Lunchtime brought a detour. I had set up lunch at the paladar Atelier (mentioned in the NYT article). We didn’t have the exact address, just the intersecting streets, and we made the mistake of asking a local shop owner for directions. “Ah yes, I know exactly where this is. I will take you there,” she said.
Twelve blocks later, we arrived at an apartment building that is totally not the one we were seeking, but we felt kinda bad because this nice person just walked half a mile with us, and… you can see where this is headed. We were having lunch here, like it or not.
I’m not sure whose doorbell we rang, but it was either Grisel, Ana Maria or Juana. One of them took us up five flights of stairs to an apartment with a very beautiful balcony overlooking the street, and probably the nicest host you could imagine. “Welcome to Las Clavellinas,” he said, handing me the flower that is the restaurant’s namesake.
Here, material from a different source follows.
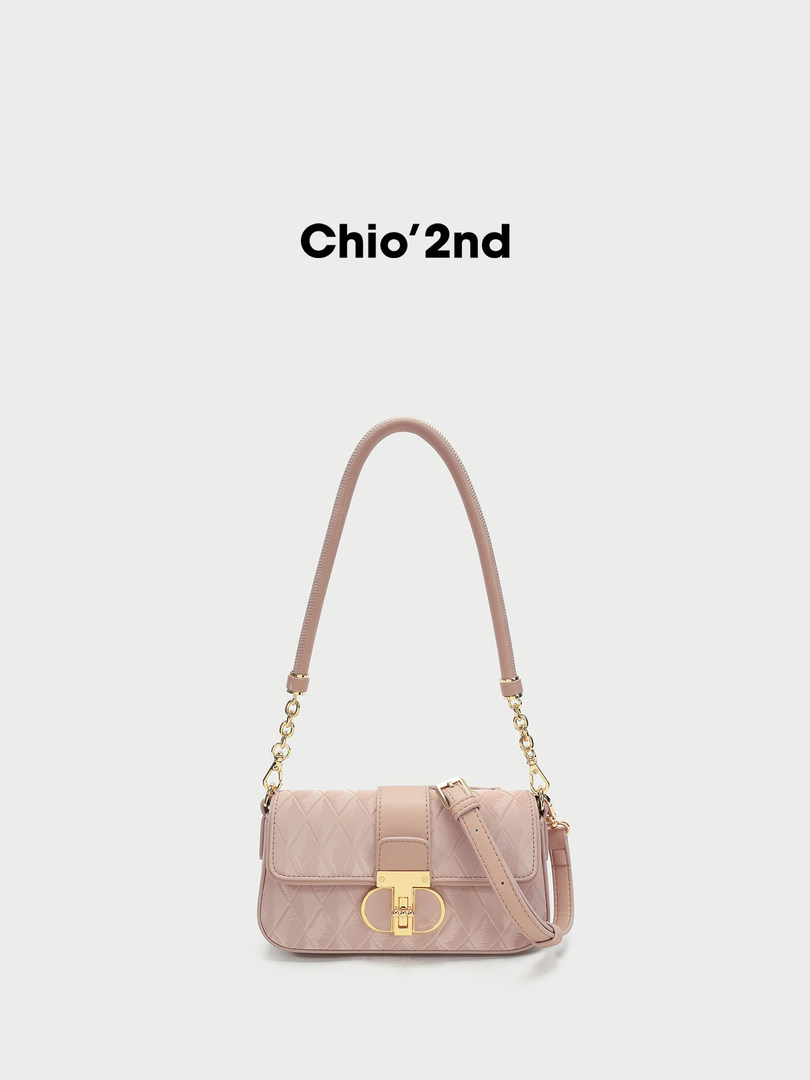 Pink quilted shoulder handbag with gold hardware on a white background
It was just us, having a private lunch in the family’s home.
The food was just OK (tip: rice & beans will become the staple of every meal you have in Havana), but the atmosphere was pure magic. Romantic afternoon light pouring in through the balcony, the feeling of being totally alone in someone’s home, families having conversations in Spanish across balconies and from balcony to street… we were right there, in the middle of it all. Something about that experience lingered throughout the day and I instantly felt more connected to the city.
I made sure to get clear directions to our dinner spot, Cafe Laurent. This was a NYT’s reco and definitely a more upscale version of a paladar (if you didn’t walk up 4 flights of an apartment building to get there, it would feel like a regular restaurant). They have a beautiful patio overlooking the city, it’s a great place to watch the sun set. The food was pretty good… a wide selection of tapas along with the traditional Cuban fare. We especially liked the croquetas and the mushroom tart.
For dessert, we decided to walk over to Coppelia, the Cuban equivalent of Ben & Jerry’s. This place might as well be a nightclub… it was jam packed with 500+ people at 8:30pm on a Thursday. They have a bouncer and sometimes up to an hour queue (we were lucky to wait only 15 minutes).
And here’s yet another example of the effects of communism and strict rations on food selection. Coppelia has two ice cream flavors. TWO. Strawberry or caramel. That’s all you get. So we got both.
The ice cream was… fine? Again, nothing to write home about, but a fun experience nonetheless.
The last stop of our dining adventure was by far the most memorable. Madrigal is a private tapas bar taking up the second floor loft of filmmaker Rafael Rosales. The man created a truly captivating space (the photos don’t even begin to do it justice). It was at once strikingly modern yet with an old-world feeling… cutting-edge Cuban art meshed with a red-lit, vintage brick space. The place was mesmerizing and would be #1 on my places to visit when we return to Havana.
Sip a frozen daquiri (the pink one is quite fun) and just take it in. Their tapas are so-so, but so cheap you may as well try a few just to experiment. Just so you know, quesadilla to them is omelet to us (we got our 5 egg ration in that one dish).
A perfect night and a beautiful close to a long, meandering day.
We’re already planning a return visit (Ross & Evelyn, we’re looking at you!) because there’s just so much of the city to explore. It’s a truly magical place and a vacation I will always remember fondly.
After a three-leg plane flight home (and a near-miss with U.S. customs), we arrived at Casa Resnick to discover probably the most creative birthday greeting ever… love our sweet girls.
And to my sweet Josh… happy birthday, I love you forever.